··· TASK INPUT

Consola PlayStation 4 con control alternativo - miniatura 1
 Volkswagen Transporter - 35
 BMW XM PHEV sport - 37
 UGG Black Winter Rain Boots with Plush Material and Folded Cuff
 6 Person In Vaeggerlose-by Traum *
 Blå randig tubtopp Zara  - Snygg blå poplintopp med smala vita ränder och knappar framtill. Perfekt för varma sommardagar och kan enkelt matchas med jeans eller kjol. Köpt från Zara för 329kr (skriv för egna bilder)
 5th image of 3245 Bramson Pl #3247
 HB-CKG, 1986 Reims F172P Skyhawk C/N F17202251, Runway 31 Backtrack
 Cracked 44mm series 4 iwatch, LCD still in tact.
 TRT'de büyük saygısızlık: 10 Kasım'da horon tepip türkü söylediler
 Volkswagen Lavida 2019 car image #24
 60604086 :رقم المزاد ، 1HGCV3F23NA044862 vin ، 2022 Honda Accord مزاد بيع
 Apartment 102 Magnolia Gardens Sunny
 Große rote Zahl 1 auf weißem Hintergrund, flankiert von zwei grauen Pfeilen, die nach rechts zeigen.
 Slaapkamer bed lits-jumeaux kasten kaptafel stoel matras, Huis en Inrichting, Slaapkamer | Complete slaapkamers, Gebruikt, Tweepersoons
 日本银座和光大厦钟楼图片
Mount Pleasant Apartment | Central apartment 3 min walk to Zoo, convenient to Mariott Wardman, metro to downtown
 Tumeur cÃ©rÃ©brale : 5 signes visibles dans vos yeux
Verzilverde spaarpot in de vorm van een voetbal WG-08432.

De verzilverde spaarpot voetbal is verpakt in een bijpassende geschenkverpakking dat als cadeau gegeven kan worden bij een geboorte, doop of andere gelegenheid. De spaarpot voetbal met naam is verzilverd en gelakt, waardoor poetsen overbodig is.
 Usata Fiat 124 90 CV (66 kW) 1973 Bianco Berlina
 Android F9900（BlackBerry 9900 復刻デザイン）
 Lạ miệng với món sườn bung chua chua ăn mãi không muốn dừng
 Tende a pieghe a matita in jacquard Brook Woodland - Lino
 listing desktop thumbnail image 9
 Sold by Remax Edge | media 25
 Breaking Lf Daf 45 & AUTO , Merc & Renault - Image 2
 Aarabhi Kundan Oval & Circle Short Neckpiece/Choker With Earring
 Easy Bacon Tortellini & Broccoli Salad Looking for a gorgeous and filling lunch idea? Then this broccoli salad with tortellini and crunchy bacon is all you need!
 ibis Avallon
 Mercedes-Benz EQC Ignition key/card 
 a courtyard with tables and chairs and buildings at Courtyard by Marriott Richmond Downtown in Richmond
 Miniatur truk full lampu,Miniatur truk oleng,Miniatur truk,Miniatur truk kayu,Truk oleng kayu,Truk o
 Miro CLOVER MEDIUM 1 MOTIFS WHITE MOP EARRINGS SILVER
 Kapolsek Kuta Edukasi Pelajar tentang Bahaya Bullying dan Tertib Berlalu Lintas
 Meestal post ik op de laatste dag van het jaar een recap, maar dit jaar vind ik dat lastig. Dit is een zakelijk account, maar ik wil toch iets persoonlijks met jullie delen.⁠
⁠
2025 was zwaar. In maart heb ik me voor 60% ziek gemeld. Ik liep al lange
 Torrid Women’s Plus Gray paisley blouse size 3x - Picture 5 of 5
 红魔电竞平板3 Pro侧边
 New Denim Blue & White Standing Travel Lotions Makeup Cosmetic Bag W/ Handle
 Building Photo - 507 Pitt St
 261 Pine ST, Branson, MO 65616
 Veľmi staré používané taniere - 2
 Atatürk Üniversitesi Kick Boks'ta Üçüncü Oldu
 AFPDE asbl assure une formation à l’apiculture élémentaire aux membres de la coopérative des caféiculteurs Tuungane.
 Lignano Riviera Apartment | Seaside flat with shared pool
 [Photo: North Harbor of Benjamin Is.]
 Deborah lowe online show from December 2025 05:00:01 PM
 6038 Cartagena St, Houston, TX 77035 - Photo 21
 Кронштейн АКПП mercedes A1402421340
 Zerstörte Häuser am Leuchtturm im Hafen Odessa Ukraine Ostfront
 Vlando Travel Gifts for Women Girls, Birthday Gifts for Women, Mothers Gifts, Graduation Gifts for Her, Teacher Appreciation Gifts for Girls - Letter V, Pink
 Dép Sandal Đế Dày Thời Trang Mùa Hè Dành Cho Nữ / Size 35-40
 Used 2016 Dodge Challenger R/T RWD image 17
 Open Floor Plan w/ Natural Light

······

» **WORK REQUEST**
Retype the data exactly as given.

» **YOUR RESPONSE**
Consola PlayStation 4 con control alternativo - miniatura 1
 Volkswagen Transporter - 35
 BMW XM PHEV sport - 37
 UGG Black Winter Rain Boots with Plush Material and Folded Cuff
 6 Person In Vaeggerlose-by Traum *
 Blå randig tubtopp Zara  - Snygg blå poplintopp med smala vita ränder och knappar framtill. Perfekt för varma sommardagar och kan enkelt matchas med jeans eller kjol. Köpt från Zara för 329kr (skriv för egna bilder)
 5th image of 3245 Bramson Pl #3247
 HB-CKG, 1986 Reims F172P Skyhawk C/N F17202251, Runway 31 Backtrack
 Cracked 44mm series 4 iwatch, LCD still in tact.
 TRT'de büyük saygısızlık: 10 Kasım'da horon tepip türkü söylediler
 Volkswagen Lavida 2019 car image #24
 60604086 :رقم المزاد ، 1HGCV3F23NA044862 vin ، 2022 Honda Accord مزاد بيع
 Apartment 102 Magnolia Gardens Sunny
 Große rote Zahl 1 auf weißem Hintergrund, flankiert von zwei grauen Pfeilen, die nach rechts zeigen.
 Slaapkamer bed lits-jumeaux kasten kaptafel stoel matras, Huis en Inrichting, Slaapkamer | Complete slaapkamers, Gebruikt, Tweepersoons
 日本银座和光大厦钟楼图片
Mount Pleasant Apartment | Central apartment 3 min walk to Zoo, convenient to Mariott Wardman, metro to downtown
 Tumeur cÃ©rÃ©brale : 5 signes visibles dans vos yeux
Verzilverde spaarpot in de vorm van een voetbal WG-08432.

De verzilverde spaarpot voetbal is verpakt in een bijpassende geschenkverpakking dat als cadeau gegeven kan worden bij een geboorte, doop of andere gelegenheid. De spaarpot voetbal met naam is verzilverd en gelakt, waardoor poetsen overbodig is.
 Usata Fiat 124 90 CV (66 kW) 1973 Bianco Berlina
 Android F9900（BlackBerry 9900 復刻デザイン）
 Lạ miệng với món sườn bung chua chua ăn mãi không muốn dừng
 Tende a pieghe a matita in jacquard Brook Woodland - Lino
 listing desktop thumbnail image 9
 Sold by Remax Edge | media 25
 Breaking Lf Daf 45 & AUTO , Merc & Renault - Image 2
 Aarabhi Kundan Oval & Circle Short Neckpiece/Choker With Earring
 Easy Bacon Tortellini & Broccoli Salad Looking for a gorgeous and filling lunch idea? Then this broccoli salad with tortellini and crunchy bacon is all you need!
 ibis Avallon
 Mercedes-Benz EQC Ignition key/card 
 a courtyard with tables and chairs and buildings at Courtyard by Marriott Richmond Downtown in Richmond
 Miniatur truk full lampu,Miniatur truk oleng,Miniatur truk,Miniatur truk kayu,Truk oleng kayu,Truk o
 Miro CLOVER MEDIUM 1 MOTIFS WHITE MOP EARRINGS SILVER
 Kapolsek Kuta Edukasi Pelajar tentang Bahaya Bullying dan Tertib Berlalu Lintas
 Meestal post ik op de laatste dag van het jaar een recap, maar dit jaar vind ik dat lastig. Dit is een zakelijk account, maar ik wil toch iets persoonlijks met jullie delen.⁠
⁠
2025 was zwaar. In maart heb ik me voor 60% ziek gemeld. Ik liep al lange
 Torrid Women’s Plus Gray paisley blouse size 3x - Picture 5 of 5
 红魔电竞平板3 Pro侧边
 New Denim Blue & White Standing Travel Lotions Makeup Cosmetic Bag W/ Handle
 Building Photo - 507 Pitt St
 261 Pine ST, Branson, MO 65616
 Veľmi staré používané taniere - 2
 Atatürk Üniversitesi Kick Boks'ta Üçüncü Oldu
 AFPDE asbl assure une formation à l’apiculture élémentaire aux membres de la coopérative des caféiculteurs Tuungane.
 Lignano Riviera Apartment | Seaside flat with shared pool
 [Photo: North Harbor of Benjamin Is.]
 Deborah lowe online show from December 2025 05:00:01 PM
 6038 Cartagena St, Houston, TX 77035 - Photo 21
 Кронштейн АКПП mercedes A1402421340
 Zerstörte Häuser am Leuchtturm im Hafen Odessa Ukraine Ostfront
 Vlando Travel Gifts for Women Girls, Birthday Gifts for Women, Mothers Gifts, Graduation Gifts for Her, Teacher Appreciation Gifts for Girls - Letter V, Pink
 Dép Sandal Đế Dày Thời Trang Mùa Hè Dành Cho Nữ / Size 35-40
 Used 2016 Dodge Challenger R/T RWD image 17
 Open Floor Plan w/ Natural Light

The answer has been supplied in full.